A veracidade tinha de ser característica destacada nos anúncios, segundo a pesquisadora, pois instigava a curiosidade do leitor. “Se o romance tinha como uma das missões moralizar o leitor, então se aquela história tivesse ocorrido com alguém, a moralização era motivo ainda mais forte para atrair o consumidor”, explica.

Outra estratégia para angariar leitores, além do apelo à moralização e veracidade, os anúncios tinham lugar de destaque e sempre apareciam na mesma página, geralmente a terceira ou quarta, dos periódicos, segundo a autora.

Os anúncios, segundo Regiane, sobrevivem mesmo depois da chegada dos folhetins, que, após a publicação do último capítulo eram publicados em um volume, que certamente teria anúncio garantido na página de anúncios.

Entre os dez romances que mais tiveram anúncio publicado no período analisado por Regiane estão: Aventuras de Gil Blaz (1715-1735), Aventuras de Telêmaco (1699), Choupana Índia (1791), Diabo Coxo (1707), Paulo e Virginia (1787), Cartas de huma Peruviana (1812), Filosofia por Amor (1765), Ilha Incógnita (1787), Lances da Ventura (1793-1794), Numa Pompilio (1786), Thesouro de Meninas (1757).
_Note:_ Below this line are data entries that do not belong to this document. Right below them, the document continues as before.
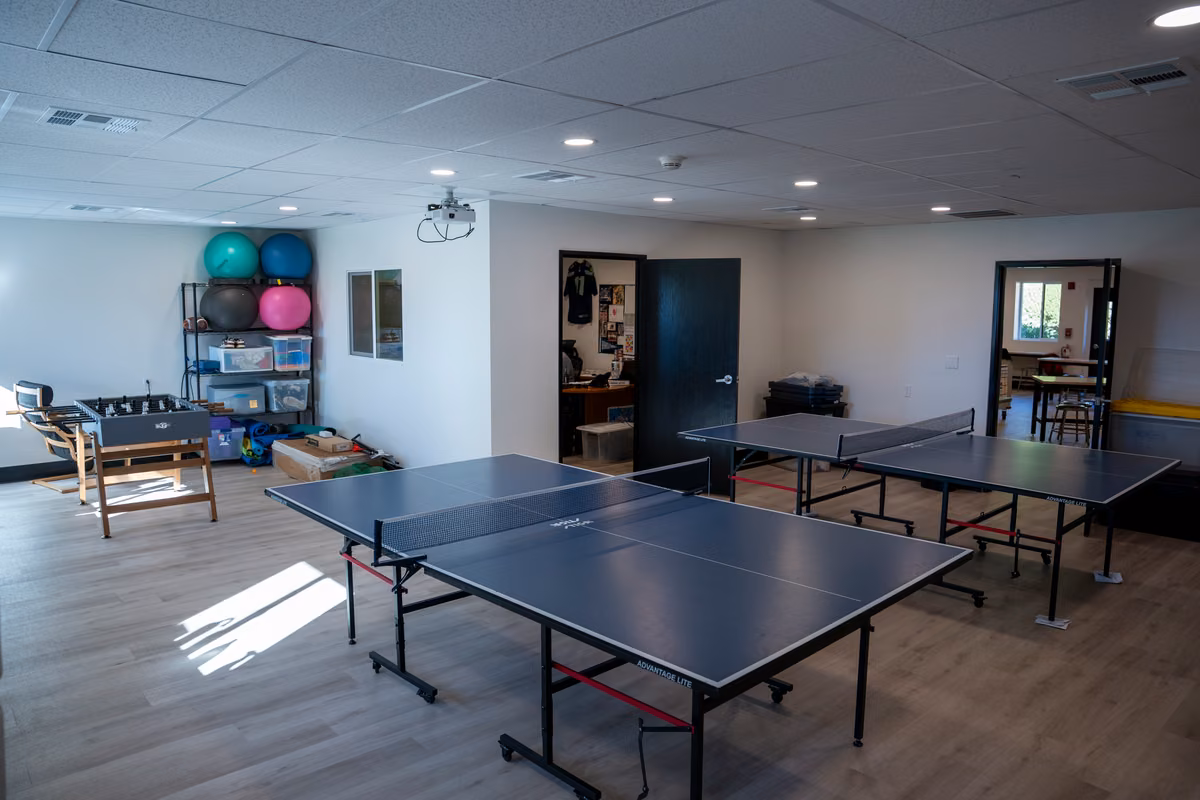 Table-tennis tables and gathering space inside the updated Dojo.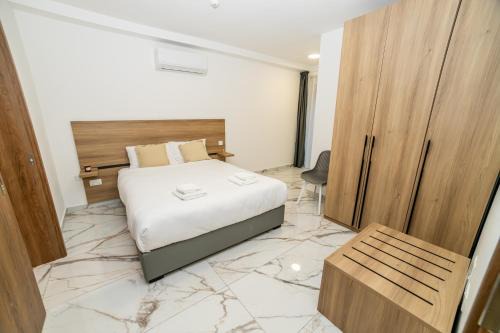 Bugibba Apartamento | Modern Escape 3-Bedroom Maisonette with Free Parking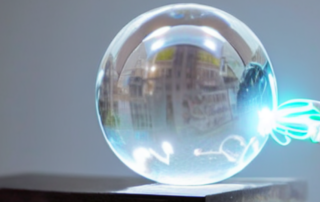 A crystal ball with an electric cable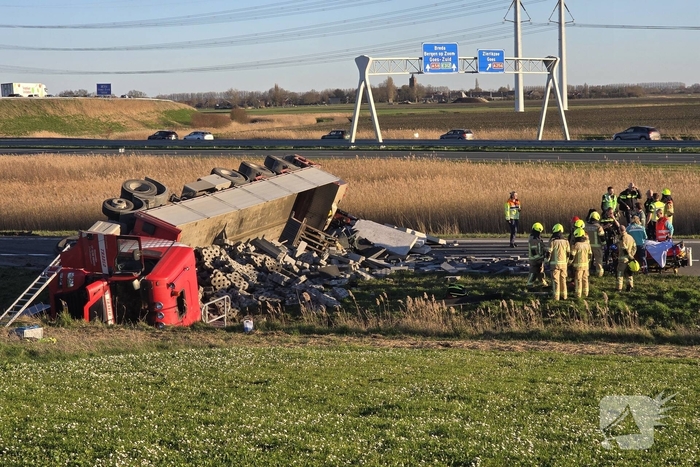 Vrachtwagen met betonblokken kantelt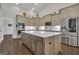 A modern kitchen features a large island, stainless steel appliances, and stylish cabinetry at 196 Old Highway 92, Fayetteville, GA 30215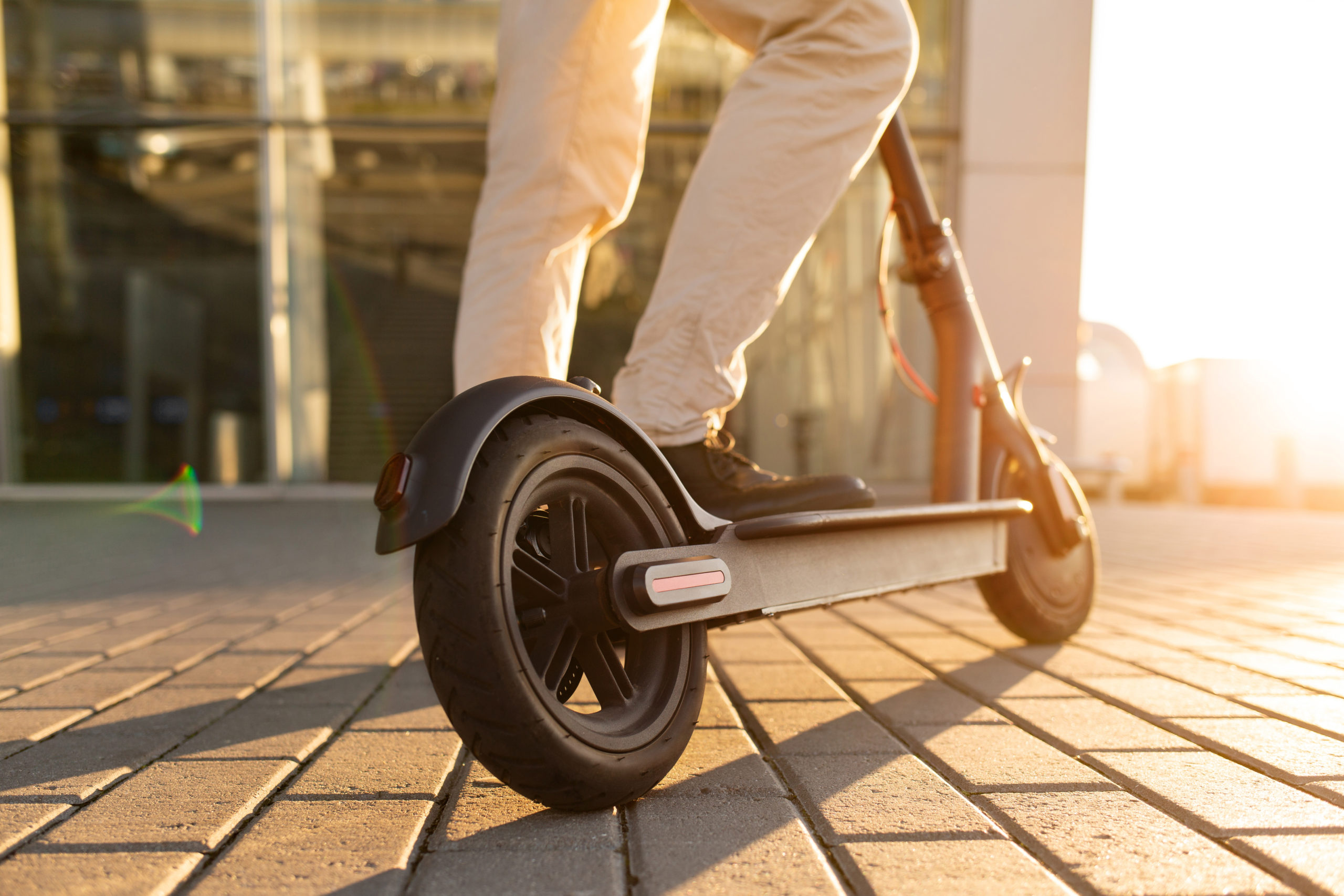 a man standing with one foot on an e-scooter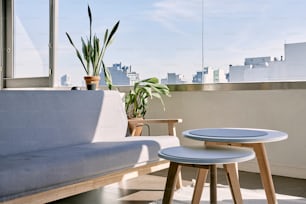 eine Couch und ein Tisch auf einem Balkon mit Blick auf eine Stadt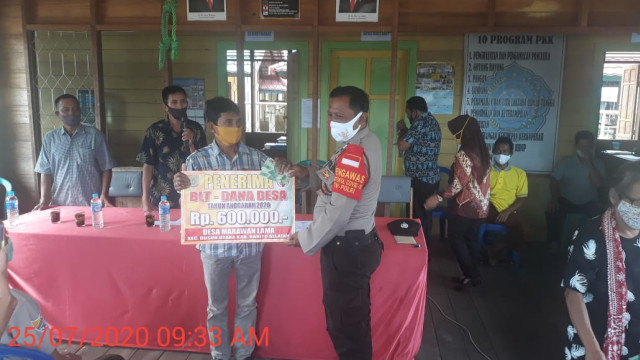 Foto saat Aiptu Sufiani menyerahkan secara simbolis BLT - DD kepada salah satu masyarakat Desa Marawan Lama, Kecamatan Dusun Utara (Dusut), Kabupaten Barsel, Kalteng yang terdampak Covid - 19. 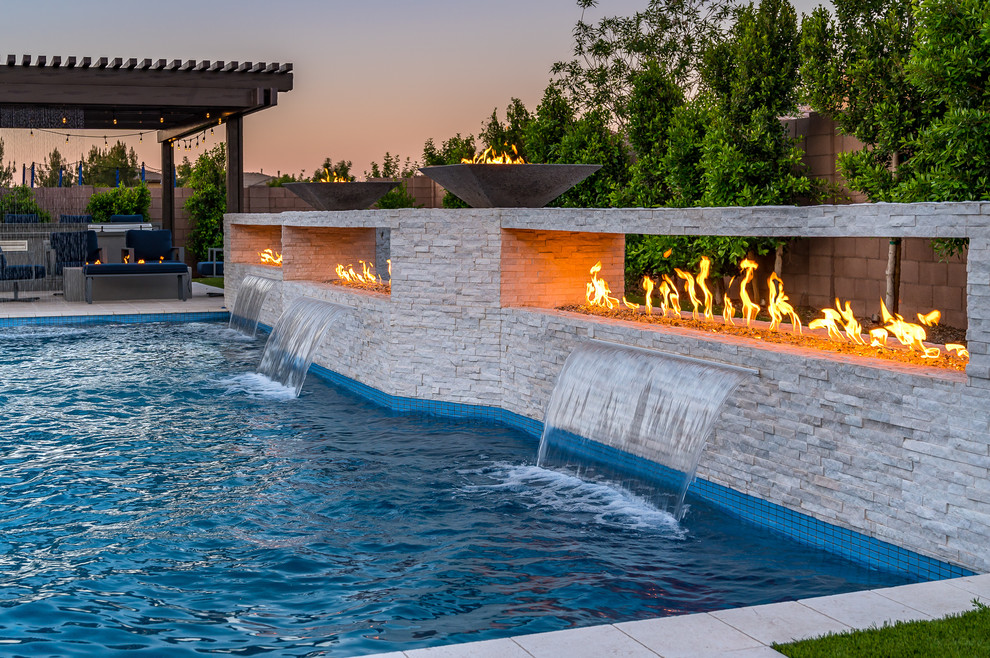 Large minimalist backyard rectangular pool photo in Phoenix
Com exceção de Lances da Ventura, que é de origem portuguesa, todos os elencados são de língua francesa.

Como prova da eficácia da propaganda impressa, os livros Aventuras de Gil Blaz e Aventuras de Telêmaco foram anunciados durante 33 anos, de acordo com levantamento feito por Regiane. Em seguida vêm Diabo Coxo e Paulo e Virginia, 32 anos; Cartas de huma Peruviana, Filosofia por Amor, Incógnita e Lances de Ventura, 31 anos; e Numa Pompilio e Thesouro de Meninas, 29 anos.

Caminhos do romance

A dissertação de Regiane faz parte do projeto temático “Caminhos do Romance no Brasil: séculos 18 e 19”, que reúne trabalhos de iniciação científica, mestrado e doutorado. O projeto investiga o processo de implantação e consolidação do gênero romanesco no Brasil a partir do exame dos romances em circulação, das práticas de leitura por eles suscitadas e dos espaços em que essas práticas se davam, tendo como base temporal meados do século 18 e final do século 19.

Financiado pela Fundação de Amparo à Pesquisa do Estado de São Paulo (Fapesp), o projeto, interdisciplinar, é desenvolvido a partir de uma colaboração entre as professoras Márcia Abreu, do IEL, Sandra Guardini Vasconcelos, da Faculdade de Filosofia, Letras e Ciências Humanas (FFLCH) da Universidade de São Paulo (USP), e os docentes da área de história Nelson Schapochnik, da Faculdade de Educação (FE) da USP, e Luiz Carlos Villalta, da Faculdade de Filosofia e Ciências Humanas (Fafich) da Universidade Federal de Minas Gerais (UFMG).